The Leona M. and Harry B. Helmsley Charitable Trust has awarded a two-year emergency grant of $1.375 million to the END Fund to support visceral leishmaniasis (VL) programs coordinated by the World Health Organization (WHO) in nine eastern African countries. The funding will address a critical gap, enabling WHO to procure essential diagnostic tests and first-line drugs for Ethiopia, as well as Chad, Djibouti, Eritrea, Kenya, Uganda, Somalia, Sudan, and South Sudan, providing diagnostics for around 68,000 people and treatment for more than 32,000.
Visceral leishmaniasis is one of the deadliest neglected tropical diseases, with East Africa accounting for 73% of the global burden. Children under 15 make up over 65% of those affected. Transmitted by female sandflies, the disease is difficult to diagnose due to symptoms that mimic malnutrition and malaria. Without timely treatment, symptomatic VL has a fatality rate of up to 95%, but with treatment, survival exceeds 98%. Despite its high mortality and prevalence, the disease receives limited global attention and support.
The Helmsley grant ensures continuity of the program, preventing an estimated 20,000 deaths annually that could result if treatments were interrupted. Dr. Solomon Zewdu, CEO of the END Fund, highlighted the importance of the funding in enabling communities to detect, treat, and control the spread of VL, emphasizing that the grant complements pooled resources to ensure the program reaches all in need while advancing toward elimination.
WHO has expressed gratitude for the support, noting that the funding will enable procurement of diagnostic tests and medicines and support elimination activities in high-burden countries. All nine countries involved have signed a Memorandum of Understanding committing to the elimination of VL as a public health problem, reflecting strong political will to combat this fatal disease in disadvantaged rural populations.

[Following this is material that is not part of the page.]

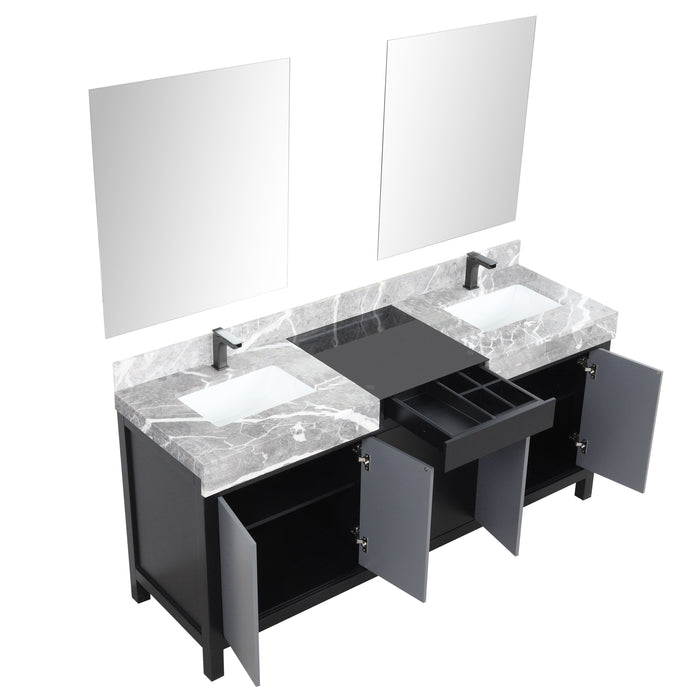 Lexora Zilara 72" - Black and Grey Double Vanity (Options: Castle Grey Marble Tops, White Square Sinks, Balzani Gun Metal Faucet Set, and 28" Frameless Mirrors) - Lexora - Ambient Home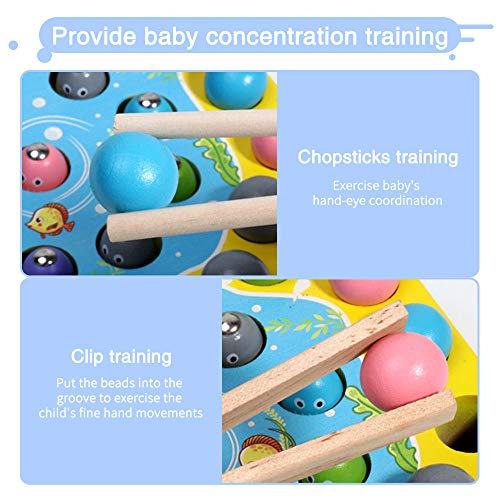 Arkmiido Montessori Juguetes de Madera Juego de Pesca Magnético con Bolas de Madera Juguete Educativo Juego de Fiesta para Niños 3 4 5 años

This grant marks Helmsley Charitable Trust’s first direct investment in VL programming, building on its prior NTD initiatives, including a $6.3 million grant in 2024 to combat trachoma in Ethiopia. The END Fund began its VL programming in 2021 in response to cuts in foreign aid, leveraging a coalition of philanthropists, NGOs, Ministries of Health, and WHO to provide essential care, including early detection and life-saving treatments, and to strengthen systems for long-term disease elimination.
Walter Panzirer, Trustee of the Helmsley Charitable Trust, emphasized the urgency of continued support to prevent program interruptions and disease rebound. Implementation of the funding is already underway and will continue through mid-2027, complementing previous contributions from ELMA Philanthropies ($3 million) and the Children’s Investment Fund Foundation (over $9 million, with $900,000 matched by UBS Optimus Foundation via the END Fund).
The investment supports global and regional efforts to eliminate VL, a preventable and treatable disease, and reflects the END Fund’s broader mission to combat neglected tropical diseases. Since its founding in 2012, the END Fund has delivered over one billion treatments across 31 countries, conducted more than 43,000 surgeries to prevent blindness and disability, and trained nearly 3.5 million health workers to prevent and treat NTDs.